→ DIRECTIONS
A faithful copy of the data is what is wanted, minus any pictures.

------ EXTRACTED DATA

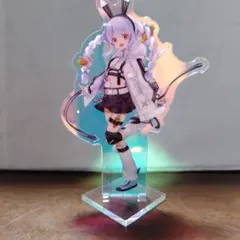 2026年最新】兎田ぺこら アクリルスタンドの人気アイテム - メルカリ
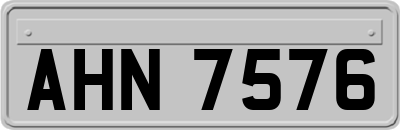 AHN7576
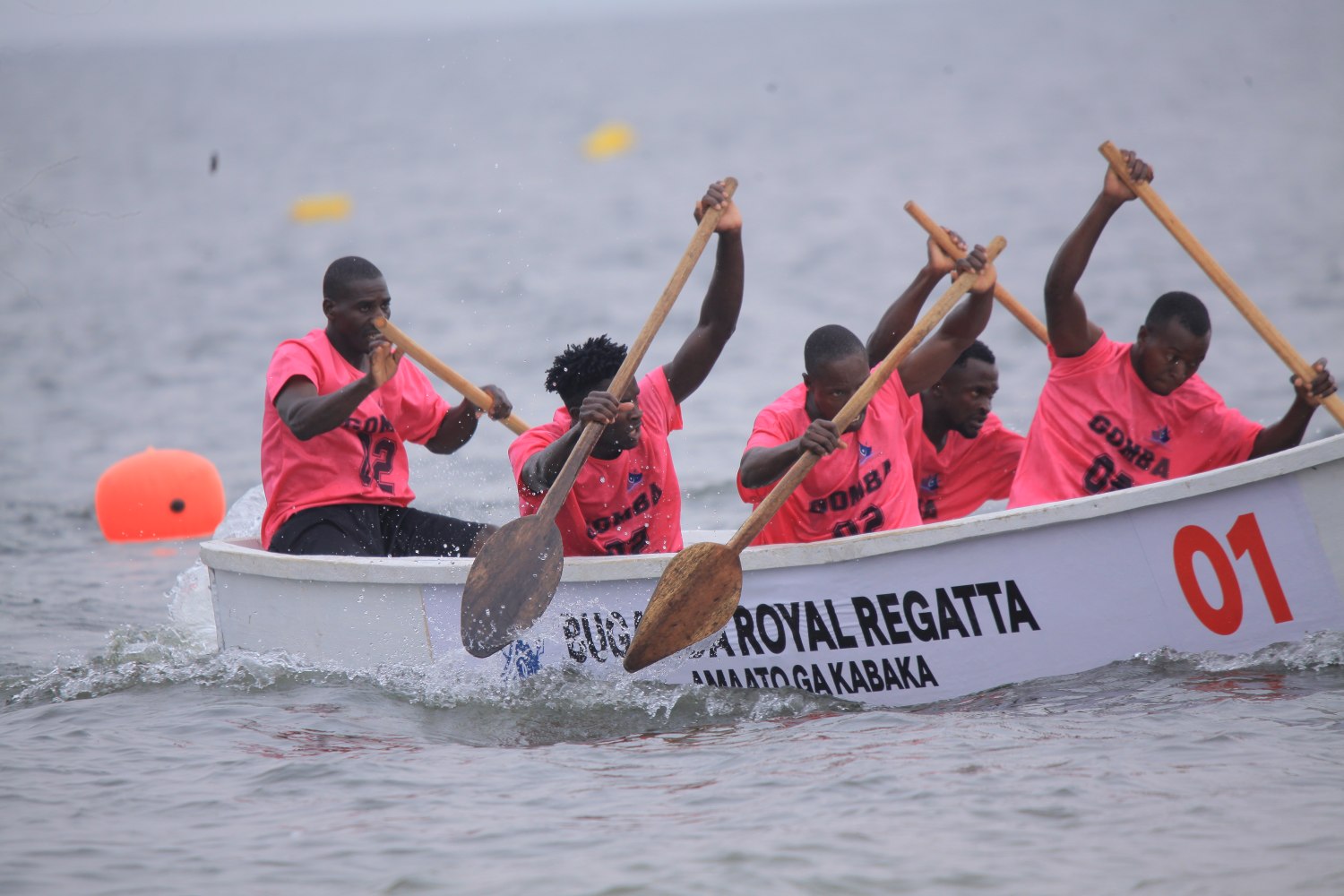 Mawokota Crowned Champions of 2026 Buganda Royal Regatta 5 Mawokota Crowned Champions of 2026 Buganda Royal Regatta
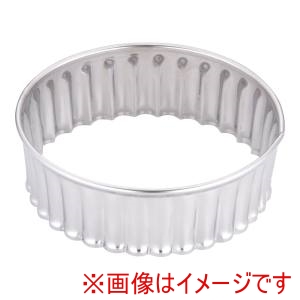 遠藤商事 TKG TKG SA 18-0 パテ抜 菊 NO.17 BPT04017 遠藤商事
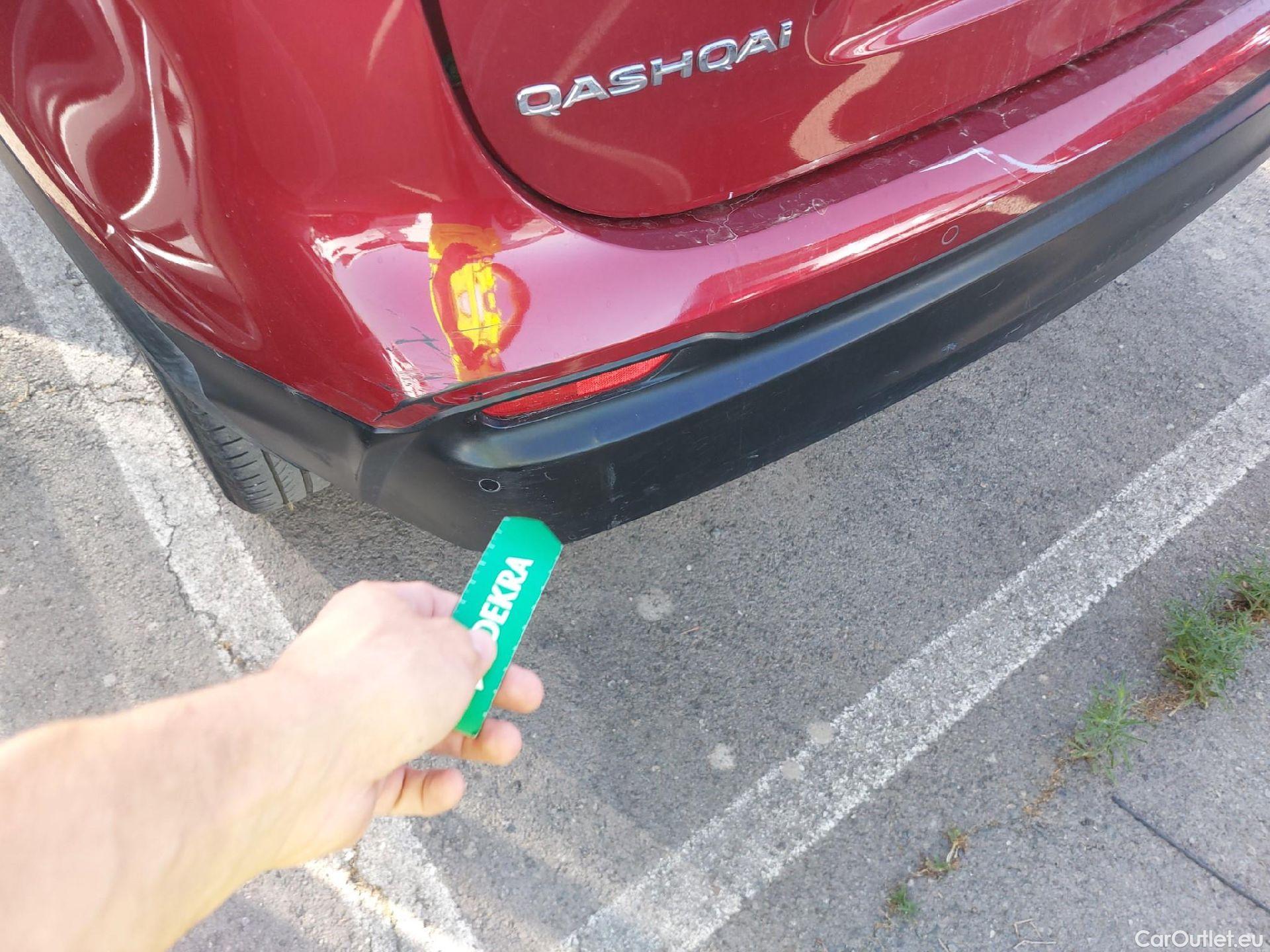  Nissan  Qashqai NISSAN  / 2017 / 5P / todoterreno DIG-T 103 kW (140 CV) E6D N-CONNECTA #19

------------

→ EXERCISE SOLUTION
 2026年最新】兎田ぺこら アクリルスタンドの人気アイテム - メルカリ
 AHN7576
 Mawokota Crowned Champions of 2026 Buganda Royal Regatta 5 Mawokota Crowned Champions of 2026 Buganda Royal Regatta
 遠藤商事 TKG TKG SA 18-0 パテ抜 菊 NO.17 BPT04017 遠藤商事
  Nissan  Qashqai NISSAN  / 2017 / 5P / todoterreno DIG-T 103 kW (140 CV) E6D N-CONNECTA #19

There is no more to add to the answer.